• _Data in this exercise_:
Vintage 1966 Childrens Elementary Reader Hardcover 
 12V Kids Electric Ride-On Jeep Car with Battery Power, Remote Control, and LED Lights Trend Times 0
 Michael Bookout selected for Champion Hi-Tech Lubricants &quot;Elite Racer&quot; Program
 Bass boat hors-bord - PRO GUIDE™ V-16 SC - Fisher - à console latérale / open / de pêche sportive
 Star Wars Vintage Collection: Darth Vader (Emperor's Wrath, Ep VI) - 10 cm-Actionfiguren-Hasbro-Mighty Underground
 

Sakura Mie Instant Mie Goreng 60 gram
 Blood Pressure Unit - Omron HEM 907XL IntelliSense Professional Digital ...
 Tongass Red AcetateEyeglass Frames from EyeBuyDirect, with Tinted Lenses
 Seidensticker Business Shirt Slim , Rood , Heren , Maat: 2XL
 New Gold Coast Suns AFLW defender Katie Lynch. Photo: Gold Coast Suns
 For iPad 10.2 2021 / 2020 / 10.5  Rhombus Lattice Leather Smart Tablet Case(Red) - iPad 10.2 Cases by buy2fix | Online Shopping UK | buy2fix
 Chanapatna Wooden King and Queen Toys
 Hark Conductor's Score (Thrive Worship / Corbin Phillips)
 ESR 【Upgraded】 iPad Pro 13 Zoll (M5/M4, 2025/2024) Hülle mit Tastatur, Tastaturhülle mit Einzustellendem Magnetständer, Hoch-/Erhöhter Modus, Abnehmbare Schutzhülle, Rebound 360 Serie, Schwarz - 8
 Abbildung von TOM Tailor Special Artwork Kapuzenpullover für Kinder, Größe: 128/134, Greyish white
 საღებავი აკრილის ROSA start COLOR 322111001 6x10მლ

• _Goal of the exercise_:
When you reach the line that contains "Sakura Mie Instant Mie Goreng 60 gram", stop; that line and every line before it, from the very first line of the data, should be restated word for word.

• _Result of the task_:
Vintage 1966 Childrens Elementary Reader Hardcover 
 12V Kids Electric Ride-On Jeep Car with Battery Power, Remote Control, and LED Lights Trend Times 0
 Michael Bookout selected for Champion Hi-Tech Lubricants &quot;Elite Racer&quot; Program
 Bass boat hors-bord - PRO GUIDE™ V-16 SC - Fisher - à console latérale / open / de pêche sportive
 Star Wars Vintage Collection: Darth Vader (Emperor's Wrath, Ep VI) - 10 cm-Actionfiguren-Hasbro-Mighty Underground
 

Sakura Mie Instant Mie Goreng 60 gram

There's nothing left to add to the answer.